"ABD ile yaşanan güven krizinin 4 nedeni"

"ABD ile yaşanan güven krizinin 4 nedeni"

Hürriyet gazetesi Ankara Temsilcisi Hande Fırat, ABD ile yaşanan  "açıklama krizi"ni değerlendirdi. Fırat, Amerika ile Türkiye'nin arasında bir güven krizi olduğunundan bahsederek, 4 nedenini sıraladı. 

Cumhurbaşkanı Tayyip Erdoğan ve ABD Başkanı Donald Trump,Türk Silahlı Kuvvetleri'nin (TSK) Suriye'nin kuzeybatısında bulunan Afrin'e yönelik düzenlediği "Zeytin Dalı" harekâtına ilişkin olarak önceki gün (24 Ocak 2017) bir görüşme gerçekleştirmişti. Ancak görüşme sonrası Türkiye ve ABD kanadından iki farklı açıklama yapılmıştı.

Cumhurbaşkanlığı kaynaklarından yapılan son açıklamada "ABD tarafının yazılı açıklaması görüşmenin içeriğini tam olarak yansıtmıyor" ifadesi kullanılmıştı.

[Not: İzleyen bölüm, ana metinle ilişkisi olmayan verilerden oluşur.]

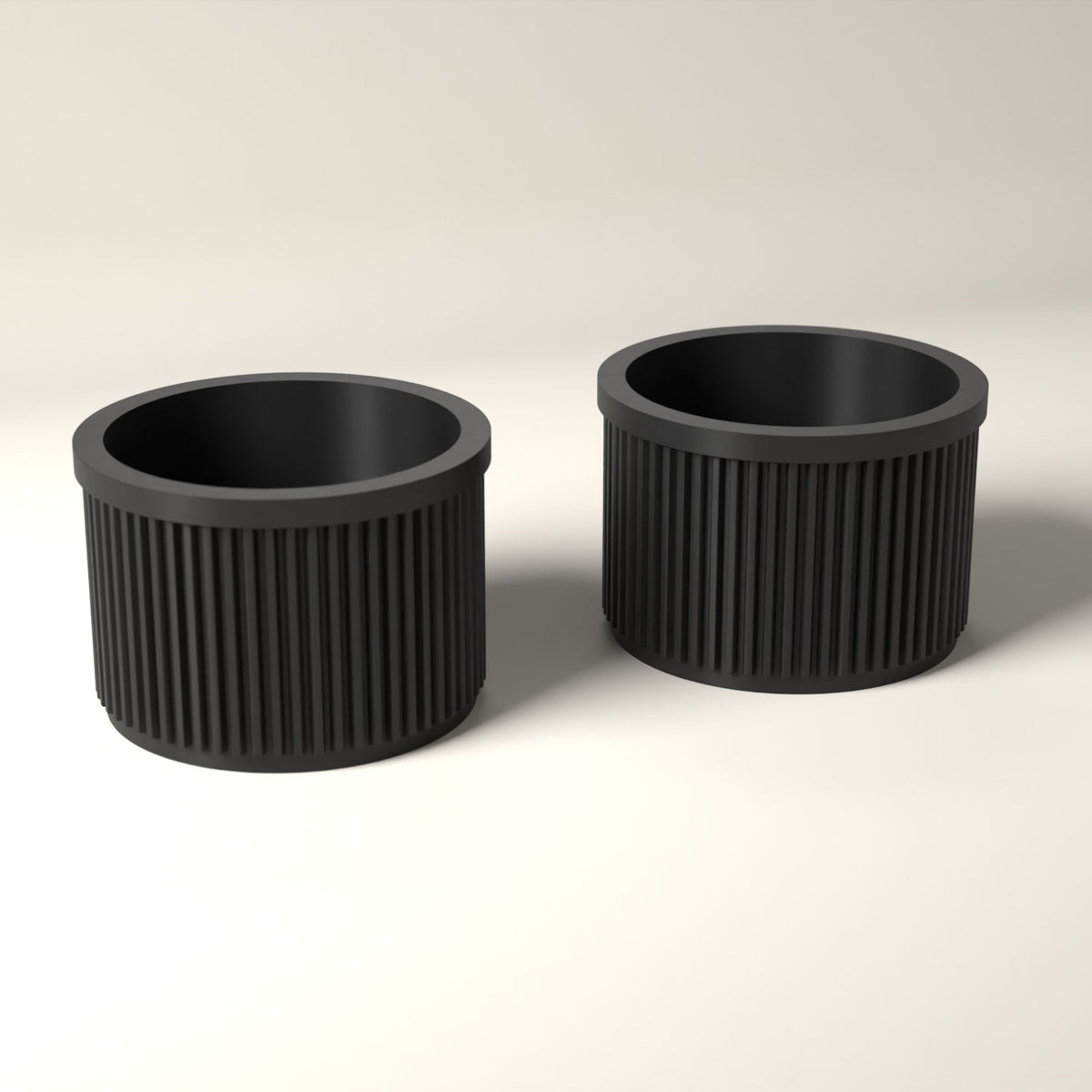 Ribbed Lip Balm Holder Pots for Small Accessories, Set of 2 in black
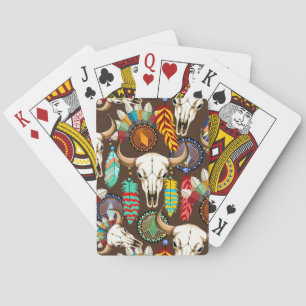 Bizonschedel Native American embleem Pokerkaarten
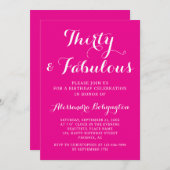 Invitation 30 Merveilleux Anniversaire rose vif blanc calligr (Devant / Derrière)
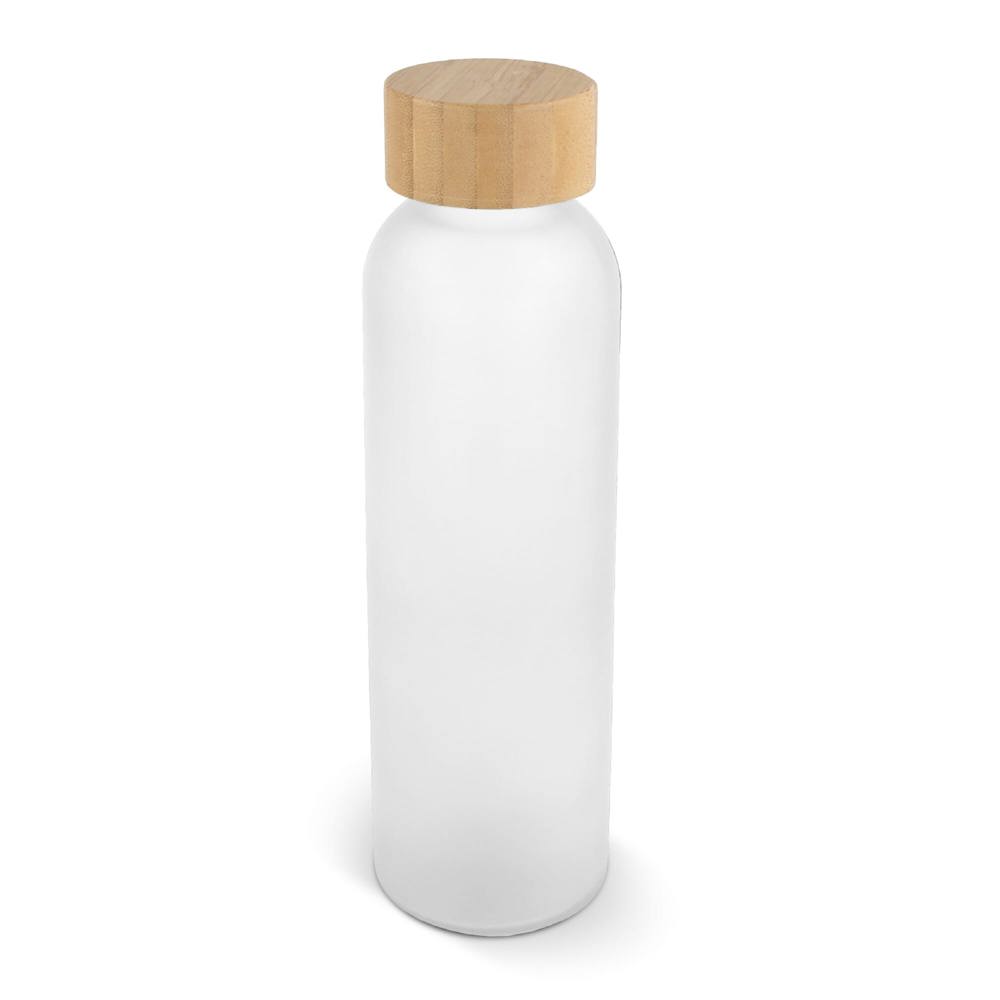 Waterfles glas &amp; bamboe 500ml - Wit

Fırat'ın Hürriyet'te yer alan kulis haberi şöyle:

ABD Başkanı Donald Trump ve Cumhurbaşkanı Tayyip Erdoğan’ın önceki akşamki telefon görüşmesi yaklaşık 25 dakika sürdü ama tartışması bitmedi. Bitmedi, çünkü Ankara’ya göre Amerikan yönetimi son dönemde sık kullandığı bir yönteme yine başvurdu; görüşmenin içeriğini açıklamada farklı yansıttı. Tıpkı vize krizinin çözüldüğünü duyuran açıklamada, “Türkiye garanti verdi” ifadesini kullanması gibi... Görüşmenin ardından Ankara’da dile getirilen tek sorun bu değil.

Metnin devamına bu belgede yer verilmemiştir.